-- Given entries follows --

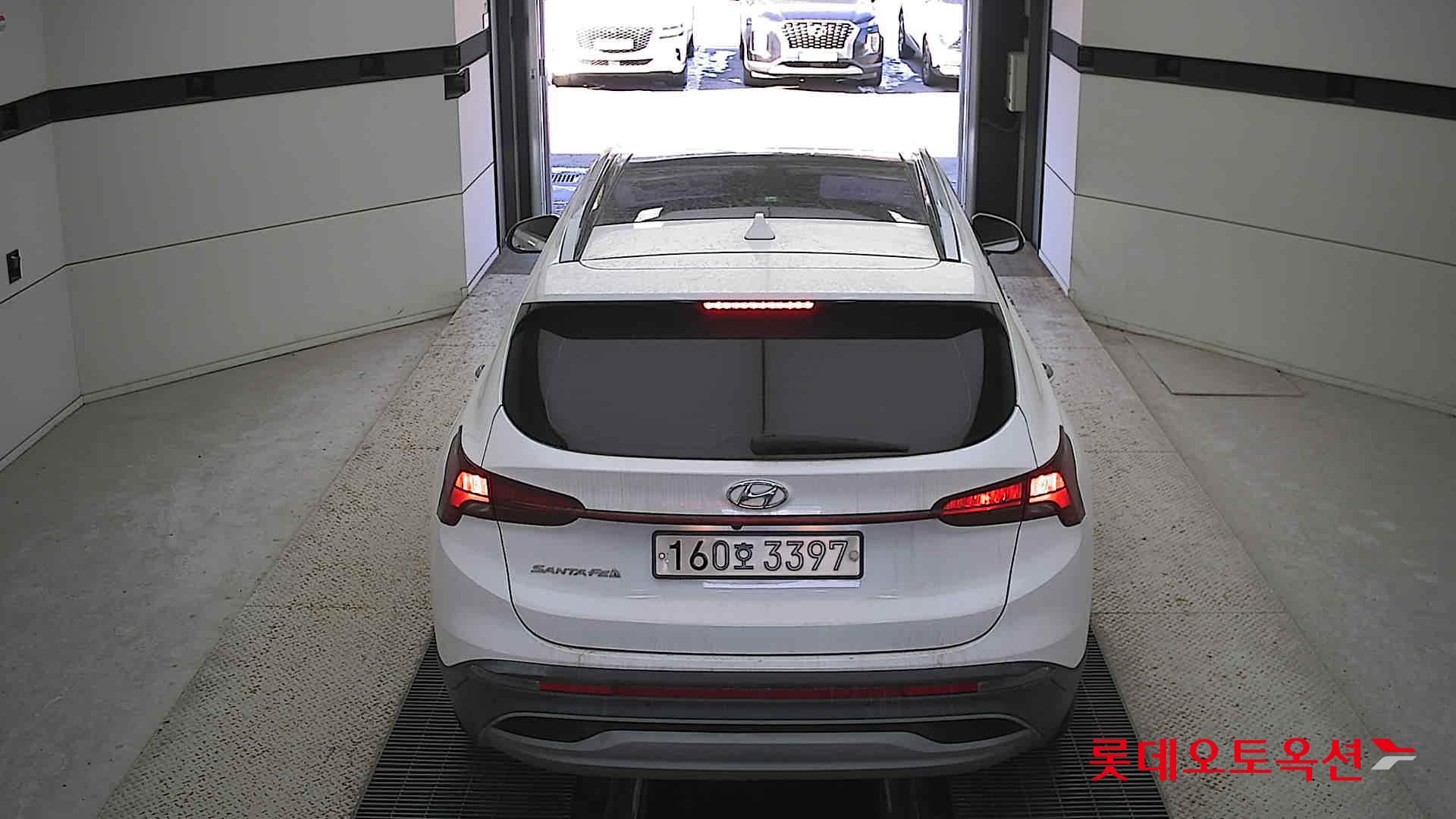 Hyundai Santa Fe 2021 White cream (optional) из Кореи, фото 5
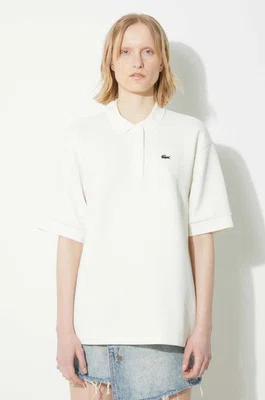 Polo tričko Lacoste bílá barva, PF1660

-- Given entries concluded --
-- Given entries follows --

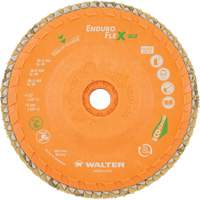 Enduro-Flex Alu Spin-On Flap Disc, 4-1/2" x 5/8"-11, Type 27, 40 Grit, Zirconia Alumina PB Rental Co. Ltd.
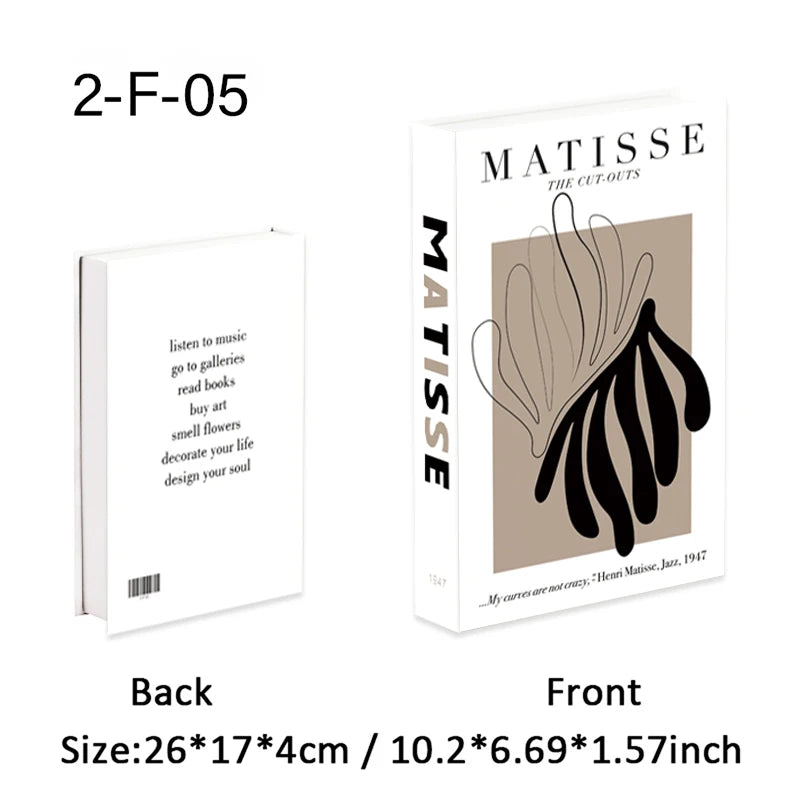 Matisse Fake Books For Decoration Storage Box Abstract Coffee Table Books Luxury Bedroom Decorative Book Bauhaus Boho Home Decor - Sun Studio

-- Given entries concluded --
-- Given entries follows --

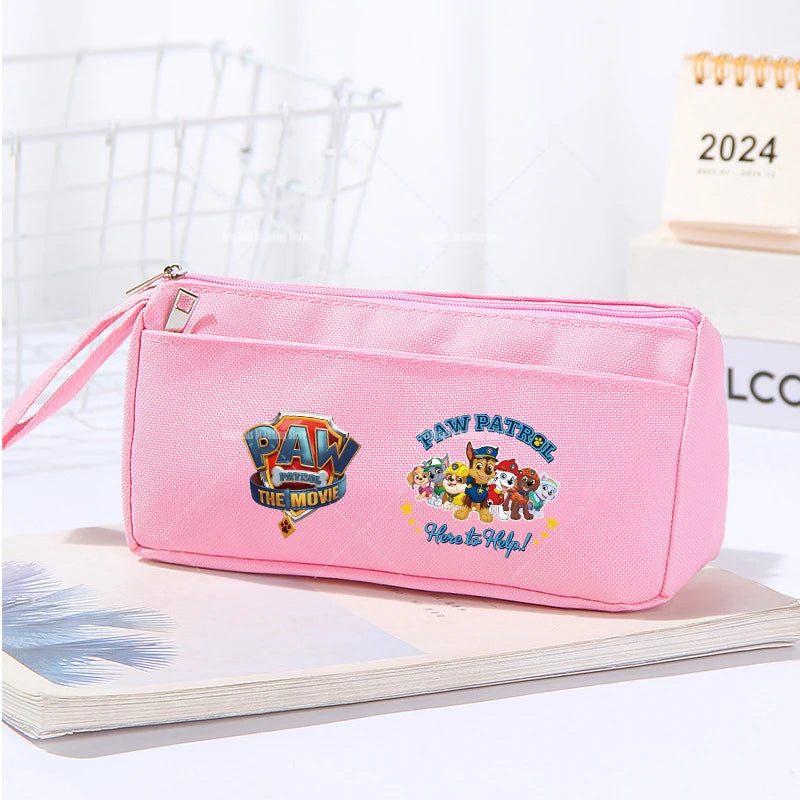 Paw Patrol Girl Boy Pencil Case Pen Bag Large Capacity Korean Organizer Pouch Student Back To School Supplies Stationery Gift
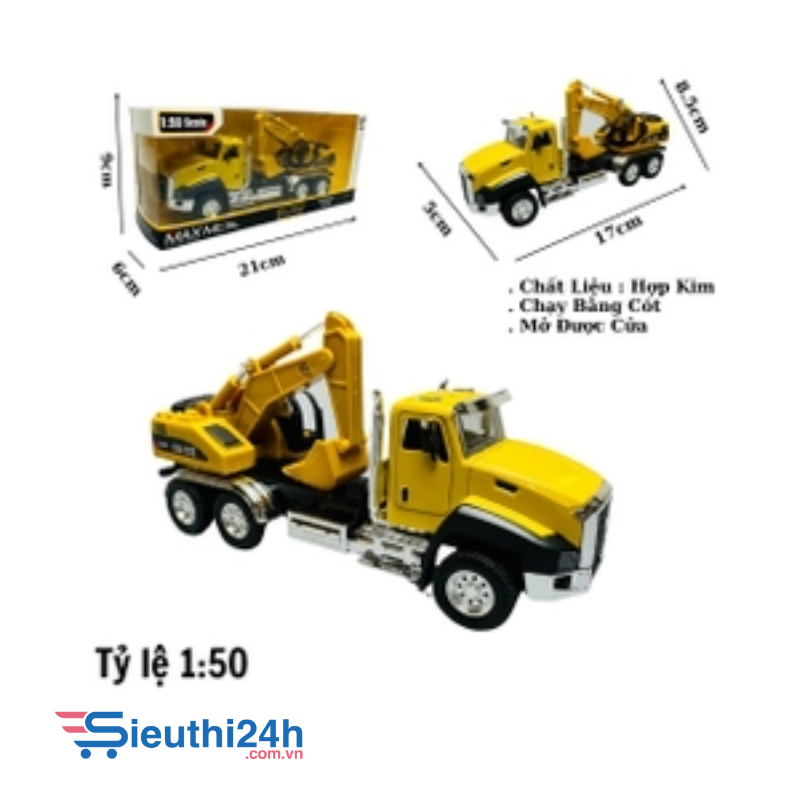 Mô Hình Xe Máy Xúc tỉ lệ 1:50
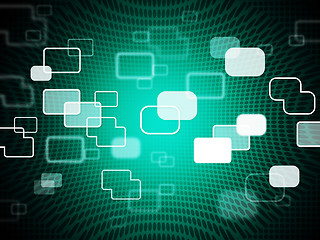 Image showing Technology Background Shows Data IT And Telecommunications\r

-- Given entries concluded --

▶ **What to do**: Once the line with "Hyundai Santa Fe" is found in the data above, reproduce it and each line after it exactly, through the line with "Polo tričko Lacoste bílá barva, PF1660". Omit the pictures.

▶ **Expected answer**:
 Hyundai Santa Fe 2021 White cream (optional) из Кореи, фото 5
 Polo tričko Lacoste bílá barva, PF1660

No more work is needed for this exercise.